2.3 Con riferimento alla D.D. n. 2030 del 18 novembre 2010 il ricorrente deduce l’eccesso di potere per difetto dei presupposti, illogicità e ingiustizia manifesta, difetto di istruttoria e di motivazione.

Il manufatto di mq. 21, edificato da vecchia data e risanato di recente, come asserisce il provvedimento impugnato, afferisce alla costruzione di Via Avellino n. 13 nella cui corte esso era situato; costruzione che è stata edificata in epoca antecedente anche al Piano regolatore di Roma del 1931, in quanto risulta dagli atti di provenienza che esso fosse pervenuto alla signora D’Orazi per successione dalla propria madre deceduta nel 1915 e veniva denunciato al Catasto nel 1939. Sostiene l’interessato che probabilmente il locale adibito a magazzino, come pure la cantina, non risultavano accatastati nel 1939 forse perché si trattava di pertinenze.

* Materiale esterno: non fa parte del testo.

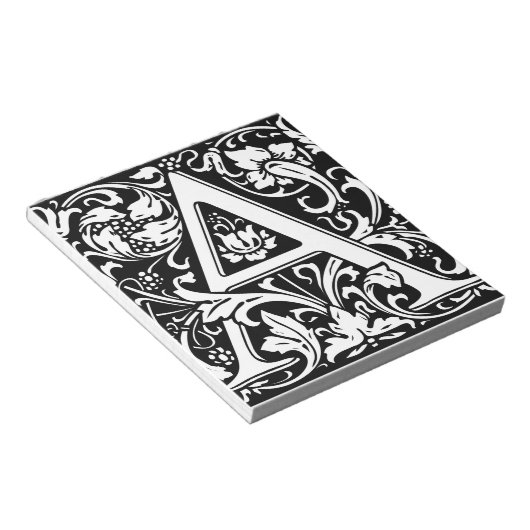 Letter A Middeleeuwse Monogram Art Nouveau Notitieblok (Schuin)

L’accatastamento dei due locali avvenne a cura del dante causa del ricorrente che, al momento della stipula del contratto dichiarò che l’edificazione risaliva ad epoca antecedente al 1967. Contesta che al locale sia stato dato un uso diverso da quello di magazzino.

Anche in questo caso le osservazioni del ricorrente provano poco.

A parte che la circostanza secondo cui al locale non sarebbe mai stato dato un uso diverso da quello consentito di magazzino, per come dedotta dall’Amministrazione per la presenza di impianti e di arredamento, risulta da un verbale di sopralluogo, che in quanto atto pubblico fa fede fino a querela di falso delle circostanze e dei fatti da esso rilevati, anche in ordine al provvedimento esaminato la dedotta "risalenza" del manufatto non torna utile a contestare l’osservazione che, ancora una volta il Comune non intende contestare la preesistenza del locale, quanto piuttosto l’assenza di idoneo titolo abilitativo per opere come la scala in ferro per l’accesso al lastrico solare, che modifica la sagoma dell’edificio e il cambio di destinazione di uso con opere del detto magazzino, con conseguente reiezione della censura in tutti i suoi aspetti.

3. Per le superiori considerazioni il ricorso va respinto in ogni sua parte.

4. Le spese seguono la soccombenza e vanno liquidate come da dispositivo.

P.Q.M.

Il Tribunale Amministrativo Regionale per il Lazio (Sezione Prima Quater) definitivamente pronunciando sul ricorso, come in epigrafe proposto, lo respinge.

Condanna il ricorrente S.M.H.A. al pagamento di Euro 2000,00 per spese di giudizio ed onorari a favore di Roma Capitale.

Ordina che la presente sentenza sia eseguita dall’autorità amministrativa.

Testo non ufficiale. La sola stampa del bollettino ufficiale ha carattere legale.